In the longer term, there are much greater benefits to be reaped. Medicaid costs for treating the innumerable health problems caused by smoking are reduced. Families don’t have to endure the suffering of premature loss of a loved one to cancer, heart disease and various other conditions brought on or exacerbated by smoking.

If the state can bring in more money in the process — $377 million by the latest estimate — all the better, we say.

But let’s be realistic about why this issue is coming up and what will happen to the new revenue it may generate. We may be anti-smoking zealots, but we don’t think anyone should be blinded by idealism as a cigarette tax increase is debated in the General Assembly.

We’d love nothing more than to see each new dollar collected from the cigarette tax go directly into the state’s health-care provider relief fund, thus generating federal matching funds to offset paying for the health-care costs associated with smoking.

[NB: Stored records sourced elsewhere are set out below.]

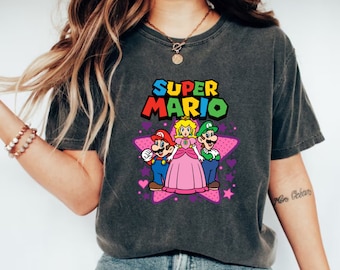 Camisa Super Mario Bowser, Camisa Super Mario Bros, Camisa Super Mario World, Super Mario Costum, Camisa Mario, Camisa de cumpleaños Super Mario, Regalo de Mario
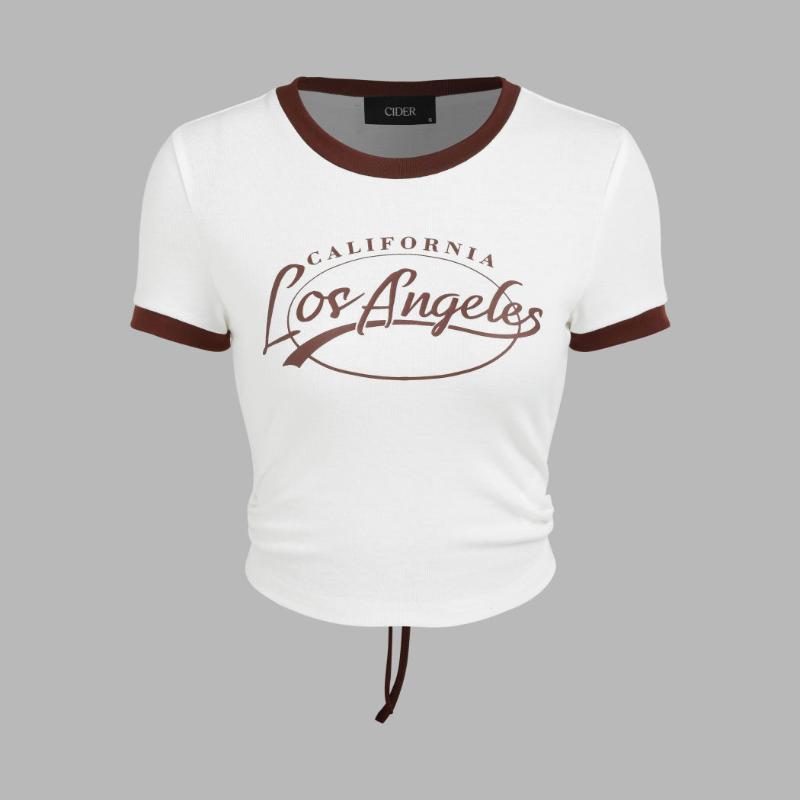 Summer Y2K Women's Sexy Letter Printed Umbilical Strap Top T-shirt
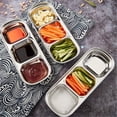 thumbnail image 5 of 6 Pcs Soy Sauce Dish Stainless Steel Divided Dip Bowls Korean 3 Compartment Sauce Plate Seasoning Dipping Condiment Tray for BBQ Vinegar Spice Salt Sugar Flavor Home Restaurant (Silver), 5 of 5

Doing so would truly help in moving toward a point where, as one supporter of the tax increase said Monday, “the price for the product comes close to reflecting the true cost of the use of the product in our country.”

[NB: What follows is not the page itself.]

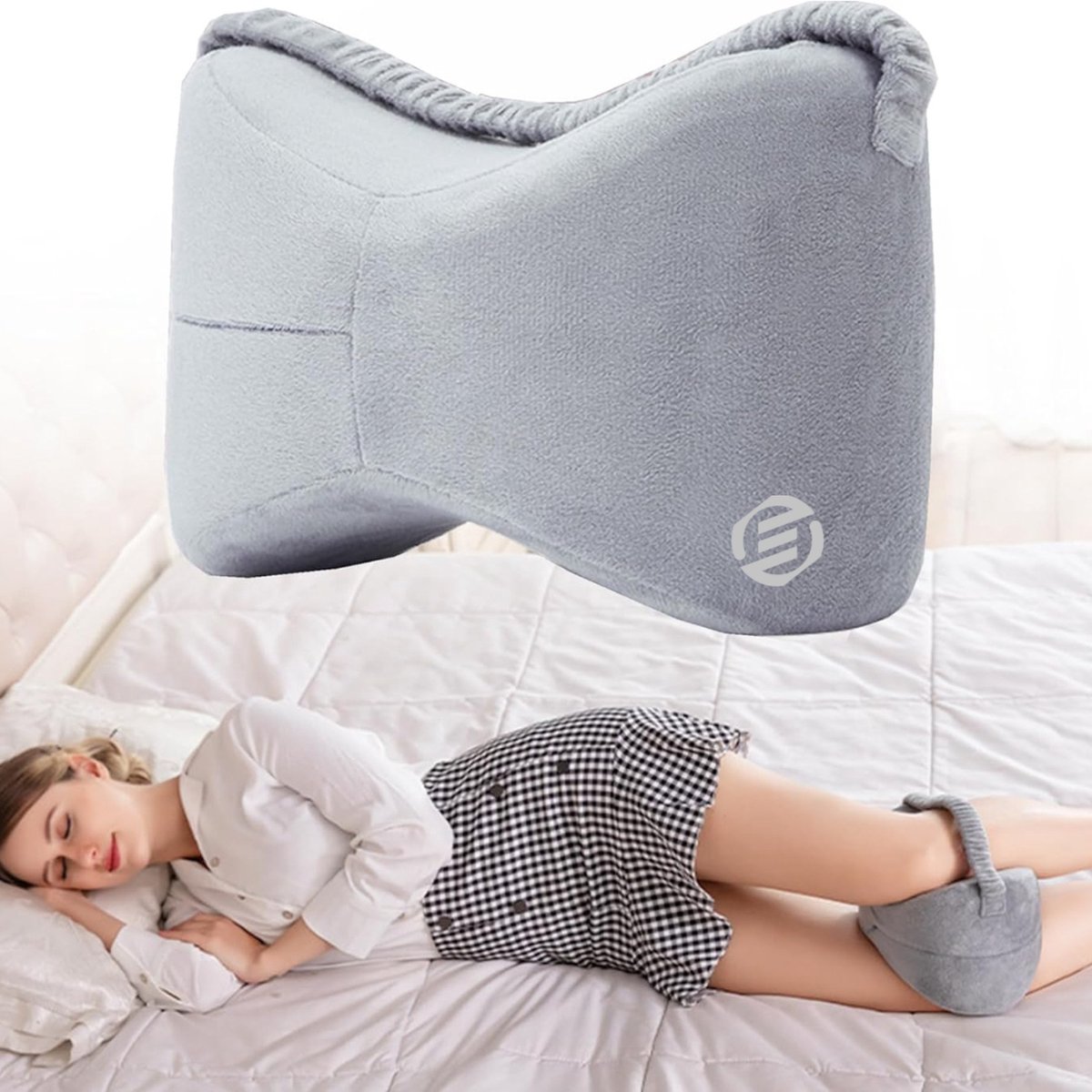 Goedkoopste Equivera Kniekussen - Kniekussen voor in Bed - Kniekussen Orthopedisch - Zijslaapkussen - Kniekussen voor in Bed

An equally forward-thinking idea would be to use all of the $377 million to fund an aggressive smoking cessation effort for Illinoisans. Not just public service ad campaigns, but providing resources for smokers who want to quit but have failed on their own. If reducing the costs associated with smoking is the goal, this would be the most direct path.

The reality, though, is that the state does not have the luxury of thinking in the long term about new money from tobacco. It needs to pay bills now, and that’s where the new cigarette tax money will go.

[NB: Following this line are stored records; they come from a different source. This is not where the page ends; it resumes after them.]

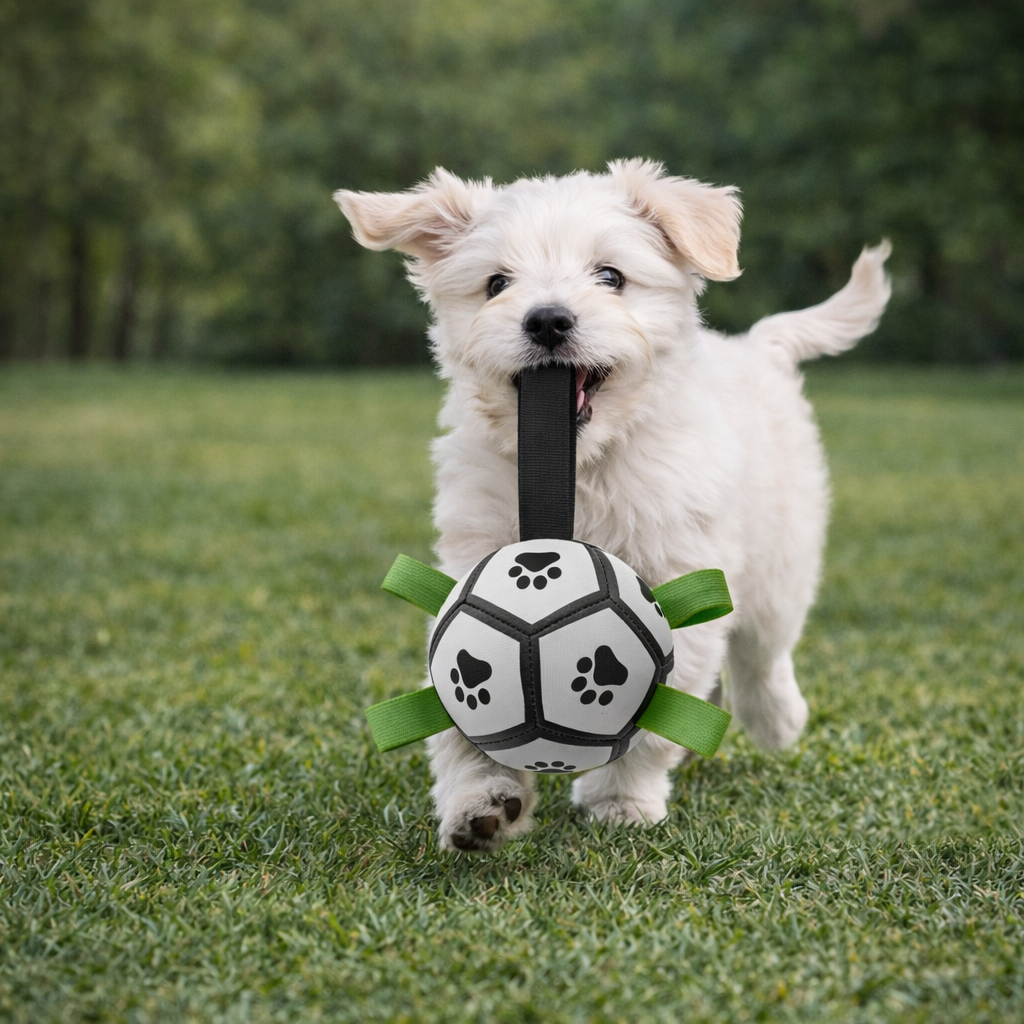 White puppy running on grass with a black and white ball toy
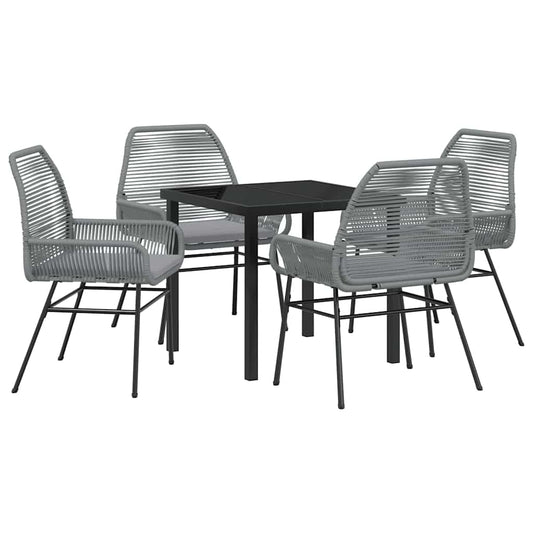 Garten Essgruppe 5 pcs Grau Poly-Rattan
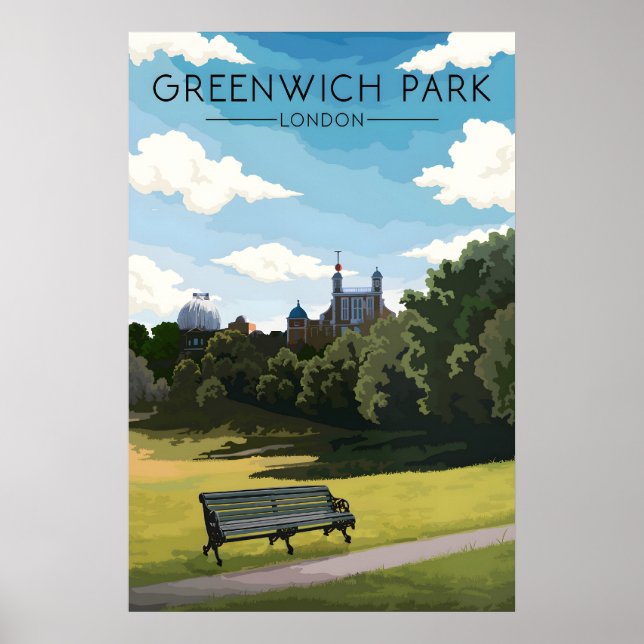 Greenwich Park London Resemålning Plakat Poster (Framsidan)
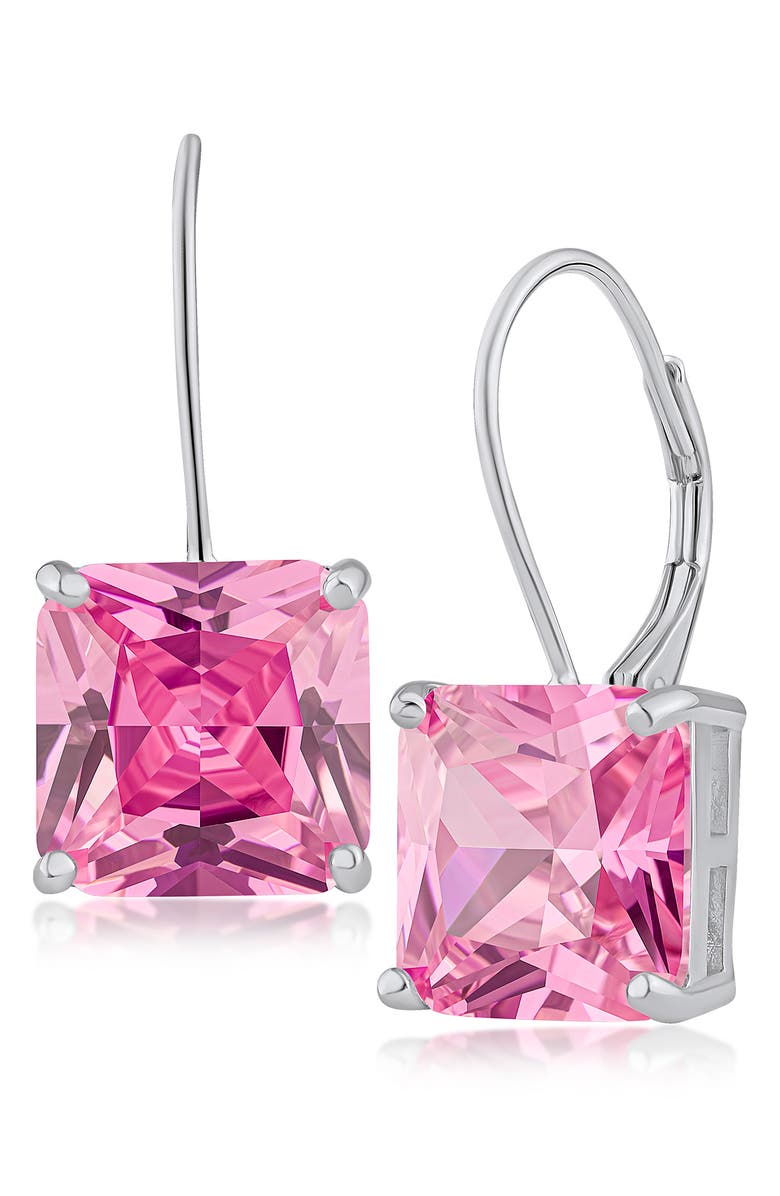 CZ by Kenneth Jay Lane Asscher Cut Cubic Zirconia Drop Earrings, Main, color, 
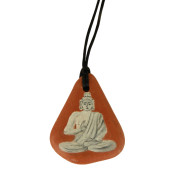 Buddha Hand Painted On A Terracotta Sea-Worn Keyring/Pendant - Anhänger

It was only 16 months ago, in the fall of 2009, that Gov. Pat Quinn was pushing the $1-a-pack tax to fund the MAP college grant program, which assists the lowest income college students in Illinois. The proposal went nowhere then, but appears to have a much better chance this time around. If it doesn’t pass this week, Senate President John Cullerton said it will be “one of the most important agenda items for the coming year.”

Whether this week or in the 2011 legislative session, we support this effort. Even with a $1.98-per-pack tax, Illinois still would not rank in the Top 10 of state cigarette taxes. (It would move from 32nd to 15th place.)

Yes, Illinois may lose some business to Missouri and Indiana, as smokers cross borders for cheaper cigarettes there. Ultimately, though, fewer Illinoisans will be buying cigarettes at all, and that’s a worthwhile tradeoff.